Q: What prompted you to write FreeStylin’: How Hip Hop Changed the Fashion Industry? What "message" do you want to communicate?
I served as a fashion reporter in the mid nineties for trade publications DNR and later WWD. My beat included the youth market and hip hop fashion was exploding during my tenure. Free Stylin’: How Hip Hop Changed the Fashion Industry chronicles and critically examines how hip hop celebrities and urban designers carved their own niche in the current $192 billion dollar apparel industry. It’s a subject matter very similar to me since I wrote about the connection of hip hop and fashion for seven years. Unlike other fashion categories taught in fashion schools and written about extensively in ultra chic magazines, urban fashion has been frowned upon by the established fashion guard--due in part to the people who contributed to its birth, initial customer base, and its rapid evolution.

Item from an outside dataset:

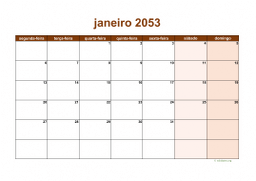 calendário mensal 2053 06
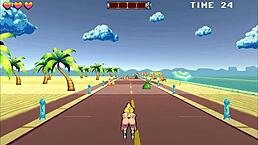 I played roller babe hentai game with public creampie and 69 at the beach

The tale is as historic as it is controversial. For years, designers and manufacturers have taken their cues from the streets to enhance their clothing lines. But it wasn’t until the eighties that the urban consumer was recognized as a viable demographic. Looking to appeal to young customers, the industry began hiring and backing talented African-American designers and entrepreneurs. An unconventional union on the surface, the pairing made a lot of business sense. Seasoned fashion executives brought proven track records while aspiring designers provided street credibility, music connections, and a fresh perspective on design. The end result: a multi-billion dollar industry.

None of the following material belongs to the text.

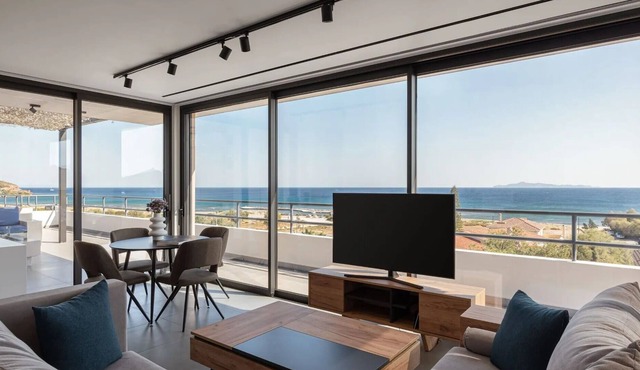 R 3379 Villa Eilionoir With Air Conditioning ,Ocean View &Writing Desk. in Athens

The message I want to communicate is this is a legitimate segment within the fashion industry. By 2002, the market was pegged at $58 billion.
Q: What was the highlight of your research? In the course of your research, what discovery surprised you the most? What surprises readers/others the most about your research?
There were several highlights in my research. During the course of my research I discovered that before modeling for Thierry Muglier, African actor/model Djimon Hounsou (notable films include Amistad and Blood Diamond. He also has a child with fashionista Kimora Lee Simmons) was hired to be the Cross Colours spokesmodel. In essence, Hounsou was the first urban supermodel. In addition, I discovered that U.S. Supreme Court associate justice Sonia Sotomayor was an attorney for the private firm Pavia & Harcourt and had sued
Harlem tailor Dapper Dan on behalf of her client Fendi
for counterfeiting. Drug
dealers, hustlers, rap stars, entertainers and athletes would rely on one man—
the legendary Dapper Dan—for their custom wares from the early to late
eighties. Taking the logos of luxury designers like Louis Vuitton, Gucci,
Chanel and MCM, Dapper Dan was the A-list designer for the streets.
Q: How did your research change your outlook on hip hop and fashion?
My research didn’t change my outlook on hip hop fashion at all. In fact, what it did, was allow me to discover the multiple layers to the hip hop fashion story. There were many contributing factors to why the hip hop fashion market exploded and later imploded.
Q: How have people reacted to your book and/or the ideas you set forth? Is it what you hoped for, or is there more work to be done?
So far, the reaction to the book has been very positive. Reviewers—ranging from academics, hip hop experts and fashion leaders—have all seen the merits of the book and its subject matter. The story of how hip hop fashion came to be has been told in fragments, but this books helps shape its context by addressing the various components that made it go mainstream.
Q: What's next for you?
I’d like to translate the book onto film as a documentary as well as curate an exhibit on this very topic.